Pretty nice 'toy',the Military is using them,using them to replace fossil fuel gennies.Hmmmmm.......

BooBoo <------ "It'll NEVER Work!"

BTW,cant wait til these go milsurp.
------------------------------
http://www.goodcleantech.com/2008/09/solar_stik_the_portable_solar.php

youtube----- 
[ame]http://www.youtube.com/watch?v=EuEZeHPu6QU&feature=related[/ame]


----------



## ace admirer (Oct 5, 2005)

forgive me, but I can only hope that the wind plants are used in areas not critical to my friends lives...

unless they have been infinitely upgraded........the windplant that is.....


----------



## mightybooboo (Feb 10, 2004)

Its one thing to produce power,its another about how much power NEEDS to be produced to do a job.Power NEEDS are shrinking fast,ask me about my 4 and 6 watt LED lights,they are quite amazing what they put out for the power used.

Glad to see the military taking an interest,as did Nasa for producing so many consumer products,the military is pushing tech that goes mainstream too.

All I can say if they meet Military needs and specs that says a LOT about their quality and suitability.

I also like the concept of small/ MODULAR and redundancy,glad to see that thinking is also understood and utilized,you might think it wouldnt be viable reading here,but the Brains/Experts at the Military sure think it is.

Somehow reminds me of the WWII Aircraft Carriers bristling with 50 Cals,can see many of these deployed to meet the needs of whatever in oh so many uses.

Of course we know the Military is stupid and wouldnt have a fossil back up for critical uses.:doh:


----------



## Energy Rebel (Jan 22, 2011)

No, No, No.


Its, "Drill baby, drill."


----------



## mightybooboo (Feb 10, 2004)

Pretty cool an 80 Lb modular unit,sure they can find a Grunt or 2 to hump the parts into the boonies.

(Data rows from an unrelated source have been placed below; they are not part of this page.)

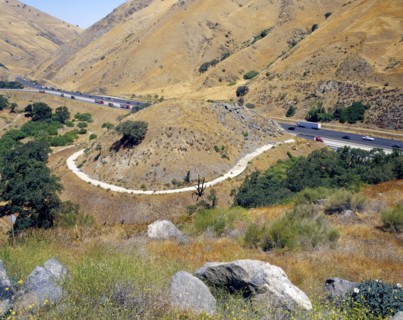 Path around hill near freeway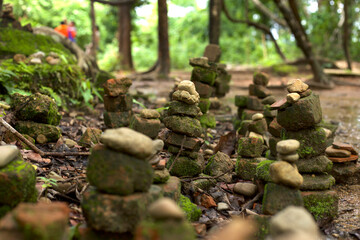 A Zen symbol in the form of a stone pyramid stands majestically in the middle of a river amidst a lush natural forest.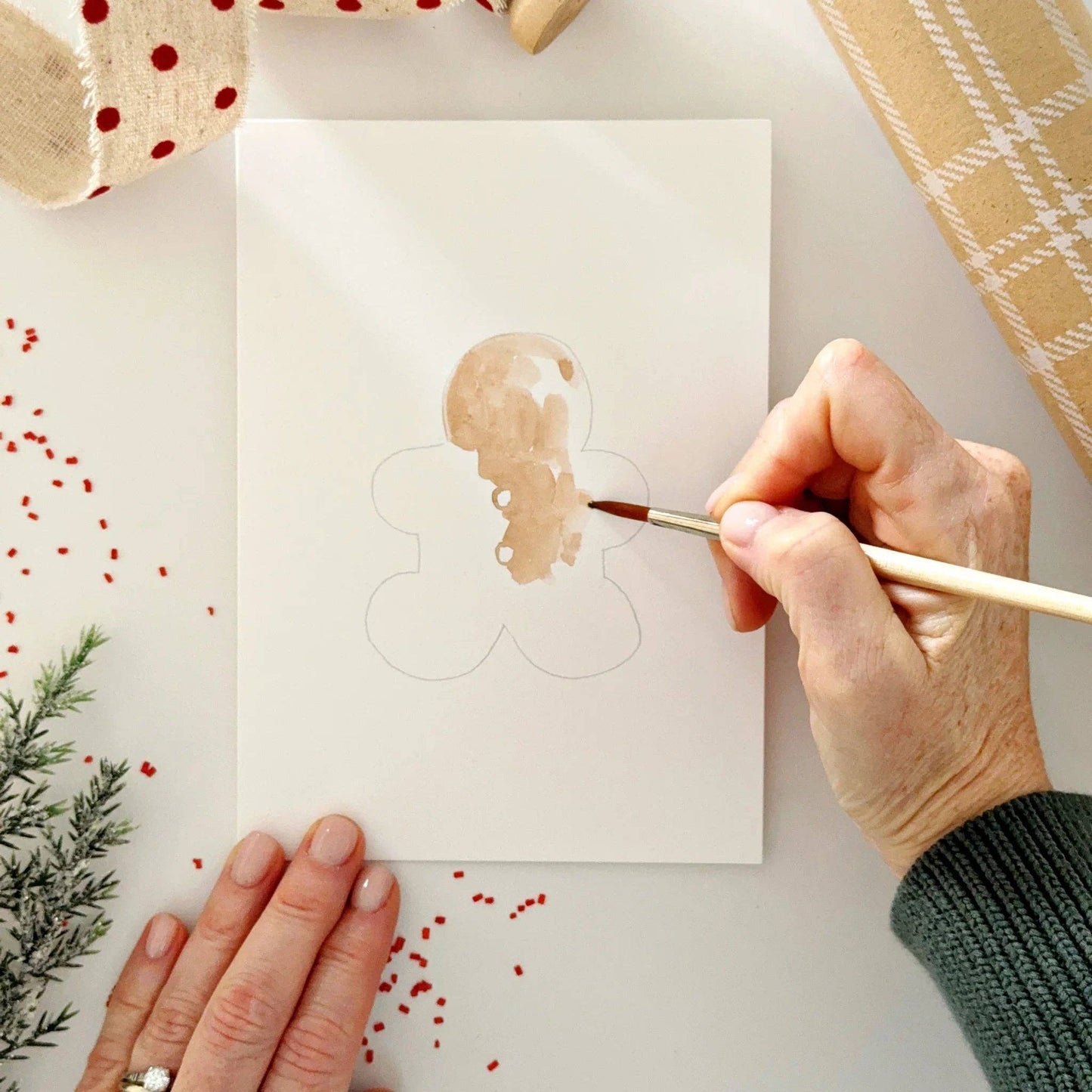 Close-up of watercolor-ready Christmas notecards featuring festive gingerbread and holiday illustrations printed on premium watercolor paper.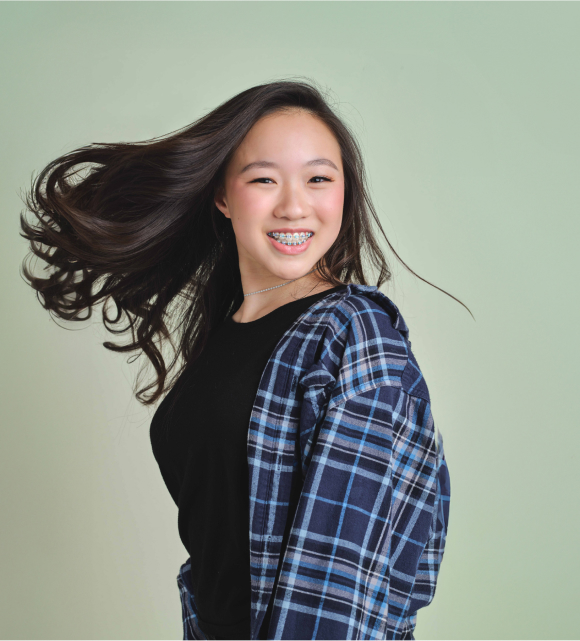 Girl with long black hair smiling brightly, showcasing her braces.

Easily deployable in a few minutes,LOVE IT!!!!!!


----------



## Jim-mi (May 15, 2002)

There is no way in hades that that piece of junk on top of that little stick could/would/will pass Mil specs.
Unless of course the Mil has thrown out all their "Quality" specs.........
And it is known in the wind trade that the air x mano boys will lick the Mil boots to get their product out

Of course the PV is a good thing . . .

But heaven help any troops that might 'really' need the power and need to rely on that garbage *wind* unit. 


my un fettered $.03


----------



## Explorer (Dec 2, 2003)

Doesn't need to be Mil Specs anymore, at least at first. Using CDRT (Capabilities Development for Rapid Transition) the troops in Afghan can buy or have a special military unit buy untested equipment for 'evaluation' in the field. If it is useful, they may continue to buy, but if junk then it is quickly terminated. It could be someone saw an ad on the Internet and decide to try it out. Junk soon will surface and be tossed.


----------



## mightybooboo (Feb 10, 2004)

darndest thing these youtubes.....Guess these people,properly siting,properly wired,correct voltage setting and NOT 14.1 like factory settings but PROPERLY set up...... with measured winds dont have a clue what they are talking about,like this guy below ......oddest things,lots of OWNERS have videos of just what their machines DO produce in watts in measured actual windspeeds, or like another guy producing 1.2 Kw/hrs a day,or the guy with the ostrich farm who reported in on his running 24/7 for 2 years.....so far

Dont watch those videos if you dont want to see real people WHO HAVE A CLUE what they are doing making power and loving their gennies
------------------
[ame]http://www.youtube.com/watch?v=CL9Oe06Rlz0&feature=related[/ame]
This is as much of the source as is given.